The funny thing is, it's not as Enlightenment as you might think from the Founding era's truest Deist; it's very Biblical. While it's true the colonists had many selfish economic reasons to favor independence---the "marxist" interpretation, if you will---it's pretty clear they needed to assuage their religious consciences that revolution was OK with God.
"Even the distance at which the Almighty hath placed England and America is a strong and natural proof that the authority of the one over the other, was never the design of Heaven. The time likewise at which the Continent was discovered, adds weight to the argument, and the manner in which it was peopled, encreases the force of it. The Reformation was preceded by the discovery of America: As if the Almighty graciously meant to open a sanctuary to the persecuted in future years, when home should afford neither friendship nor safety."
Divine Providence created America as a safe haven for Protestant dissenters? Yup.
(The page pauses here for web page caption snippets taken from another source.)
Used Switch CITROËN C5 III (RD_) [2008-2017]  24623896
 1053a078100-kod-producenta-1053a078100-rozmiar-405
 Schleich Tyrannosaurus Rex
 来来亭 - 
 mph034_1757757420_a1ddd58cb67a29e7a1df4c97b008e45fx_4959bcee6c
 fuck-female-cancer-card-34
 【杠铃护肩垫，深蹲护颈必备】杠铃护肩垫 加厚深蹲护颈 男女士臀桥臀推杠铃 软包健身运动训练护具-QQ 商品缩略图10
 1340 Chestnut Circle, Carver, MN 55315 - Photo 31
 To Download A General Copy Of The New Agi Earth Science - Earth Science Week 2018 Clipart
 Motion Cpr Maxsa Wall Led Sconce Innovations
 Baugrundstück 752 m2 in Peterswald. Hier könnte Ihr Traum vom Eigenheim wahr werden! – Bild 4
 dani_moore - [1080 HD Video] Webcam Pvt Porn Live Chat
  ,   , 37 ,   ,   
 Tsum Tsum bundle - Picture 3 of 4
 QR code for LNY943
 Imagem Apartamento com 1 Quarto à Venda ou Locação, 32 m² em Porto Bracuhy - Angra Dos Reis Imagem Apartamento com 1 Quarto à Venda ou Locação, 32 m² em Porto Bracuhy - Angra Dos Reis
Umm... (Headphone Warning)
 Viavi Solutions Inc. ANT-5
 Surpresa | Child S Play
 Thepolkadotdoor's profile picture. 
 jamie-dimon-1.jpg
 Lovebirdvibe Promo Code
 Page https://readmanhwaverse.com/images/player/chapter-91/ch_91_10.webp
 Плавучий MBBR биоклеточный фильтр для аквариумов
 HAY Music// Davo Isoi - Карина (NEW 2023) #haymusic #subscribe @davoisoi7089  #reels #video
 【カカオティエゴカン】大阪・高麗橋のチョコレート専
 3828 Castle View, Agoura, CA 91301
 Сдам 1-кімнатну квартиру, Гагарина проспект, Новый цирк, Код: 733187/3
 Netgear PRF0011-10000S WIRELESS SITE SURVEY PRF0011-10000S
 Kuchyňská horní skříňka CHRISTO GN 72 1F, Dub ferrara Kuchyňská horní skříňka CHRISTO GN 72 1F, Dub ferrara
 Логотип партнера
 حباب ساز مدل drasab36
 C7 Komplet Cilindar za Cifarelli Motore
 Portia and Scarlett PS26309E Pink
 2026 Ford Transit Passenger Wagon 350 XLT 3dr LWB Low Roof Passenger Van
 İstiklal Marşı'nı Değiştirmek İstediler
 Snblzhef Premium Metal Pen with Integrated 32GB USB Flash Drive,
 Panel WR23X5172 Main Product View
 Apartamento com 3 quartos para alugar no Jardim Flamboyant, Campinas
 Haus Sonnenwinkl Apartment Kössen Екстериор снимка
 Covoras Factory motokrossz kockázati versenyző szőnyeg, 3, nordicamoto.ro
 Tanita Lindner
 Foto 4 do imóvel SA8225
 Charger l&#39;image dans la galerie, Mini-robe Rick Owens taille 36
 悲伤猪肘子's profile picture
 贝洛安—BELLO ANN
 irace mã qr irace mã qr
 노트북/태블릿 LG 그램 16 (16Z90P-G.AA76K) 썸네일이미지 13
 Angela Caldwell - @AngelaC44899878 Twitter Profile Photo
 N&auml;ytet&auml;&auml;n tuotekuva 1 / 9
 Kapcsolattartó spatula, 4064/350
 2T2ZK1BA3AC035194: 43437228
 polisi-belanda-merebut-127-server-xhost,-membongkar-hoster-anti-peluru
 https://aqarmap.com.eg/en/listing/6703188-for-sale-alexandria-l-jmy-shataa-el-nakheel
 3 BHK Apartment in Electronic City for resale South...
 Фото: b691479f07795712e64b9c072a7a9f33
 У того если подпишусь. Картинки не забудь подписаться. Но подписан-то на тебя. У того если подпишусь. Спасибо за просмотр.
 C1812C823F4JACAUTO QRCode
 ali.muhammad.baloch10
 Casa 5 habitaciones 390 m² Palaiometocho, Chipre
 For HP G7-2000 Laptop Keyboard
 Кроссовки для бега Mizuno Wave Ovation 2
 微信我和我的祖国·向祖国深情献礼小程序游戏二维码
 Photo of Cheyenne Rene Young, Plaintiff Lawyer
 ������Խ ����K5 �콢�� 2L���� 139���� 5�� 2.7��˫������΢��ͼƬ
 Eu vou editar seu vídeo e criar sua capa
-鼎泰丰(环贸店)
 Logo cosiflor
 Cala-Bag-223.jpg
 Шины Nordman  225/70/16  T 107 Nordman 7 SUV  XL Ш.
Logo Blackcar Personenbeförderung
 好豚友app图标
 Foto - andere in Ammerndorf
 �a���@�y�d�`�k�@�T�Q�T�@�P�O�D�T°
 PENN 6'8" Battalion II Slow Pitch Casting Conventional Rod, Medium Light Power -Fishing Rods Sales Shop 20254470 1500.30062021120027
There you have it.
Now, since Thomas Paine later wrote "The Age of Reason" in the 1790s, where he rejected the Bible and Christian dogma [America liked it so much that only 6 people attended his funeral], he probably didn't believe this part of "Common Sense," probably. [Although you never know...]
But there it is, and there it was, in Paine's own words. Now relax, this isn't to say that the United States of America should be a Protestant Nation in 2011, or people thought that by the time they wrote the Constitution in 1787.
I will betcha, though, that not one person in a 100 knows that Thomas Paine, the Revolution's most famous deist, was saying it in 1776, in the most famous and popular essay of his times.
Because I didn't know, until I read the damn thing for meself. Read the whole thing here for yrself, or peek at this annotated version. History isn't dead, it's alive, if you dog it a little on your own.